Programmer, Linux Scalability
Paul Jackson <[email protected]> 1.925.600.0401

2006-08-18 22:55:09

by Suresh Siddha

[permalink] [raw]
Subject: Re: [patch] sched: generic sched_group cpu power setup

On Fri, Aug 18, 2006 at 03:29:54PM -0700, Paul Jackson wrote:
> Suresh wrote:
> > I will post a 'cpu_power' renaming patch shortly.
>
> Rename to what?

Not yet decided. But both the words "cpu" and "power" will disappear :)
sched group can have one or more cpus.. so having 'cpu' is confusing
and 'power/energy' seems to be confusing too..

I don't like 'task_load' as it kind of refers to current task load in a
sched_group.

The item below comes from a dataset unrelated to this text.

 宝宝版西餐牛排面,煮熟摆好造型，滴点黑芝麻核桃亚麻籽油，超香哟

Currently I favor for 'load_capacity'. Anyone reading
sched code know what 'load' is.

If any one has a better suggestion, I am open.

thanks,
suresh

2006-08-19 00:10:01

by Paul Jackson

[permalink] [raw]
Subject: Re: [patch] sched: generic sched_group cpu power setup

> If any one has a better suggestion, I am open.

I'm still trying to figure out what the hell it is ;).

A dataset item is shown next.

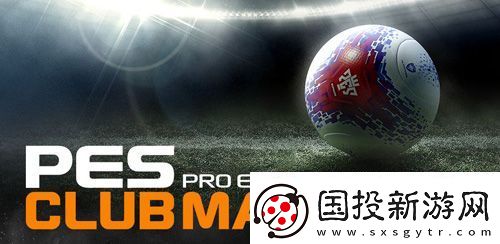足球手游排行榜2019好玩的足球游戏前十名推荐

Sorry ... as my teenage son would gladly tell you, I can be dense
at times.

If all the CPUs in a system have the same computational capacity,
then is it just the number of CPUs in a group (times a scale factor
of 128, to simulate fixed point arithmetic with integers)?

I presume "yes", from such code lines as:

power = SCHED_LOAD_SCALE * cpus_weight(sd->groups->cpumask);

If two CPUs, side by side, have the same computational capacity,
but one consumes more electrical power (watts) than the other, do they
have different cpu_power?

I presume "no" - electrical power consumption does not affect this value
(though some effort might be made to minimize electrical power consumption
in these calculations, by letting some CPUs go idle if the job mix allows
for that.)

If I presumed correctly, then apparently what we're talking about here
is computational capacity, as is typically measured in such units as
MIPS, megaflops/sec or Drystones. In other words, what Andrew termed
"computing power" when he fired the starter's pistol on this scrum.

Is that what this is -- computational capacity, aka computing power
(appropriately scaled for the convenience of the arithmetic)?

And is the unit of measure just the number of CPUs in the group
(times 128)?

If the above is accurate, then the group structure member could almost
be called "ncpus" (number of cpus in group), unscaled. Perhaps you
only need to scale the value for fixed point arithmetic while calculating
what balancing to attempt.

One more detail, as you likely already noticed, if you rename
"cpu_power" to not mention "power", then consider also the routine
init_numa_sched_groups_power(), the variables pwr_now, pwr_move and
power, and the mentions of "power" in the comments.

--
I won't rest till it's the best ...
Programmer, Linux Scalability
Paul Jackson <[email protected]> 1.925.600.0401

2006-08-21 22:32:12

by Suresh Siddha

[permalink] [raw]
Subject: Re: [patch] sched: generic sched_group cpu power setup

On Fri, Aug 18, 2006 at 05:09:45PM -0700, Paul Jackson wrote:
> I'm still trying to figure out what the hell it is ;).

Please refer to the code comments in my recent patch. And also the
recent conversations between us about this. My OLS 2005 paper(CMP aware
kernel scheduler) might also help and finally the source code kernel/sched.c

> If all the CPUs in a system have the same computational capacity,
> then is it just the number of CPUs in a group (times a scale factor

No. It depends on the sched domain, its characteristics and depends
on performance/power-savings policy.

> If two CPUs, side by side, have the same computational capacity,
> but one consumes more electrical power (watts) than the other, do they
> have different cpu_power?

No.

> If I presumed correctly, then apparently what we're talking about here
> is computational capacity, as is typically measured in such units as
> MIPS, megaflops/sec or Drystones. In other words, what Andrew termed
> "computing power" when he fired the starter's pistol on this scrum.
>
> Is that what this is -- computational capacity, aka computing power
> (appropriately scaled for the convenience of the arithmetic)?
>
> And is the unit of measure just the number of CPUs in the group
> (times 128)?

No. That is the case only for some scenarios(for example when power
savings is enabled..). In the default performance policy mode, domain
characteristics will determine this value.

thanks,
suresh